Australia also shows why the UK wants to go beyond a platform list. eSafety says platforms removed access to 4.7 million under-16 accounts by mid-December 2025, but the regulator’s March 2026 update also emphasized that implementation takes time and that age restrictions are only one part of a wider safety system. Children can move to less visible services, use shared devices, misstate ages, or find workarounds. Harmful design patterns can also reappear in features that sit outside the narrow legal definition of social media.
Games and AI companions are now part of the same fight
The most consequential part of the UK approach may be its treatment of platforms that do not look like traditional social networks. Roblox, Discord-like communities, game voice chat, livestreaming, and AI companion apps all mix entertainment with social interaction. For a child, the relevant risk may not be the category label on an app store page. It may be who can contact them, what the recommendation system amplifies, whether messages disappear, whether strangers can move a conversation elsewhere, or whether an AI chatbot simulates intimacy.
That makes enforcement more complex. A game could be low risk in solo mode and high risk in open chat. A messaging feature could be benign among verified friends and risky when adults can contact minors.
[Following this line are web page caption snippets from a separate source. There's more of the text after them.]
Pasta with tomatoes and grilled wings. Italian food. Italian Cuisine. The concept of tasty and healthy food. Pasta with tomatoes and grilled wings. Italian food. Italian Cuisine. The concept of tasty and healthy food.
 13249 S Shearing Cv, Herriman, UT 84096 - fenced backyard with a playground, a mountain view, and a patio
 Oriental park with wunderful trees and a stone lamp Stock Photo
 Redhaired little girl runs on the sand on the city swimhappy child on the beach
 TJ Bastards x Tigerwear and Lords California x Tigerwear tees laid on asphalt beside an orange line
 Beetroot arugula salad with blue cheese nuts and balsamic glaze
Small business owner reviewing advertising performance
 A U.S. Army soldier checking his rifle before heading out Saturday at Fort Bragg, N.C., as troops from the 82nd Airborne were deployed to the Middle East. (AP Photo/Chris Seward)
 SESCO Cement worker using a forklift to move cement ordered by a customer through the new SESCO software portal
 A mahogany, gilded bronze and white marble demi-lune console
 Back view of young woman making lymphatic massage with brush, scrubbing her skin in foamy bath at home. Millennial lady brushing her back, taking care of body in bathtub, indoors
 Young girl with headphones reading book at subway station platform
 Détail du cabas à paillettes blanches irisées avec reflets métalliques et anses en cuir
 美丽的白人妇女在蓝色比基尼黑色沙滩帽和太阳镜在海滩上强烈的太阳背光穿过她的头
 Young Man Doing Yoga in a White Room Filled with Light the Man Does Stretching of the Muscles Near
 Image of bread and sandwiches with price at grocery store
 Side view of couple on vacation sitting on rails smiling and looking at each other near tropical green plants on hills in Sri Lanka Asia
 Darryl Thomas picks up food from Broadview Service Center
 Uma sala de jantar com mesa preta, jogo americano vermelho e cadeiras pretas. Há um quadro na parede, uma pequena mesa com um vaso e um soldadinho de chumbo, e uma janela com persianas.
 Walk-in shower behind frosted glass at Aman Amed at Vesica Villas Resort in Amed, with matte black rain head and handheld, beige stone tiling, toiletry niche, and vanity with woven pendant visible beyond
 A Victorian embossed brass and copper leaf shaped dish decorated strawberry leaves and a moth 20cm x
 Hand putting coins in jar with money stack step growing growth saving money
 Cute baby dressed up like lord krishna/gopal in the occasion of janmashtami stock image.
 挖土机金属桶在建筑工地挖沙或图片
An AI chatbot could be an ordinary homework helper in one setting and a sexualized companion in another. Rules written around app categories will struggle to keep up with products that keep blending social, gaming, creator, and AI functions.
For platforms, the direction of travel is still visible. Services likely to be used by children will need clearer age gates, safer defaults, feature-level controls, audit trails for risk decisions, and evidence that they are not relying on self-declared birthdays. Gaming and chatbot companies that once saw online safety as a social-network problem should assume that regulators now see their products as part of the same child-safety map.
What to watch next
The immediate question is how precise Starmer’s announcement will be. A strong policy signal is not the same as an enforceable rule. The platform list, start date, appeals process, technical standards for age assurance, treatment of VPNs, rules for games and messaging services, privacy safeguards, and penalties will decide whether the UK plan becomes a workable child-safety system or a broad mandate that is difficult to enforce without checking the identity of ordinary users.
The UK is not moving in isolation. Australia has already made under-16 social media restrictions operational. The EU, U.S. states, and other governments are also tightening rules around minors, addictive design, age-appropriate experiences, and AI companions. The UK plan is notable because it appears to combine all of those tensions in one package: social media access, platform design, gaming chat, AI intimacy, youth sleep, identity checks, and regulator oversight.
If the details match the early reporting, the UK will be testing whether child online safety can be regulated by feature and function rather than by app name. That is the part every platform should be watching.